Access to credit is one of the primary barriers facing low-income communities in DC, with 23.9 percent of city households living areas with inadequate access to banks, vastly higher than the national average of 7.7 percent.
To help solve these problems, GW should invest a portion of its endowment and cash-on-hand holdings in one of D.C.’s dozen community development financial institutions, or CDFIs. These are legal entities such as banks, credit unions and venture capital groups that take on additional risk to provide loans for low-income homebuyers, entrepreneurs and organizations.
Reductions in federal funding, dampened charitable giving, and higher costs have made it necessary to find new capital for further expansion of these community development programs, capital which forward-thinking universities could provide.
As it is now, many mainstream commercial banks refuse to serve low and moderate neighborhoods because of high finance costs and concerns that having too many poor people taking loans on bank balance sheets is too financially risky.
To make up for this shortage, many low-income residents are forced to rely on predatory check-cashing services, payday loans, rent-to-own agreements and pawn shops to finance everyday expenses. Without access to stable financial services, it is often excessively difficult for residents buy homes, start businesses or invest in their children’s education.
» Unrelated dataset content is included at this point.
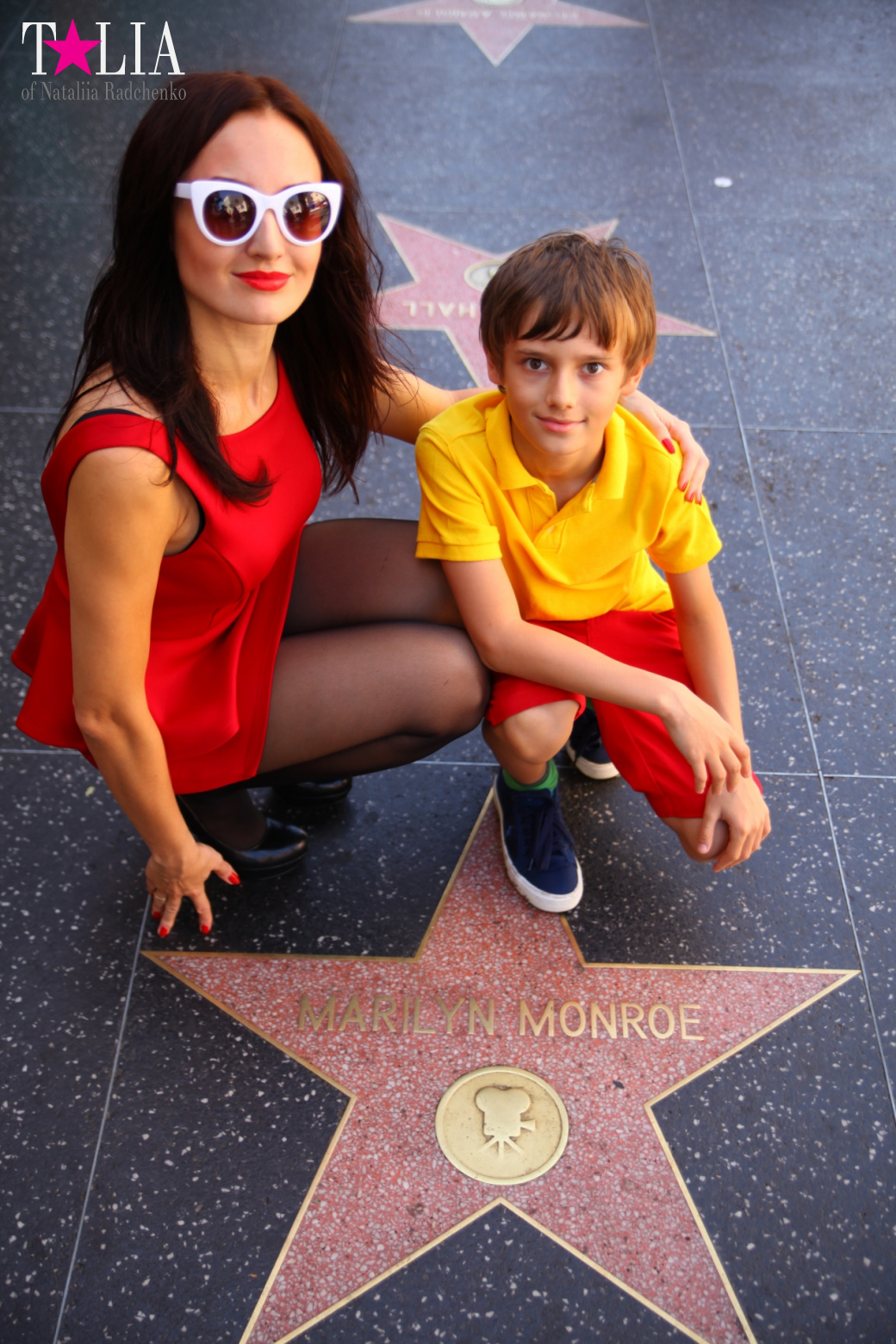 Аллея звезд или Аллея славы в Голливуде (Лос Анджелес, Калифорния)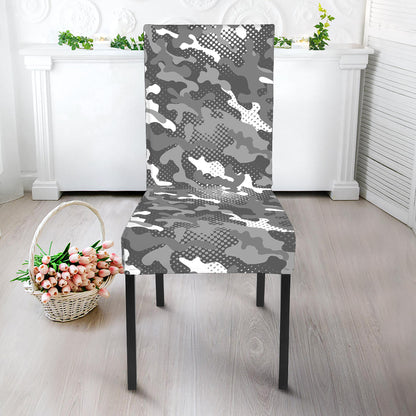 Camouflage Dazzle Pattern Print Dining Chair Slipcover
Diverting funds towards community investments is a growing trend that has repeatedly shown results. Student efforts at the Tufts University led to investment of $500,000 of into a local community bank. This investment is generating interest payments for the university while providing assistance to struggling neighborhoods and small businesses.
Adopting a conscientious investment policy would be in the best interest of the university, students and the community alike. A philosophy of “impact investing” can provide both social and financial returns, helping to revitalize the District while providing stable source of revenue for the University. CDFIs have been shown to have at or near market interest rates, ensuring that we don’t have to sacrifice sustainable funding for university as it raises its own ambitions.
Now is the time to shift our institution’s strategic financing priorities to better prioritize social impact. That way, GW can flourish alongside the neighborhoods it supports.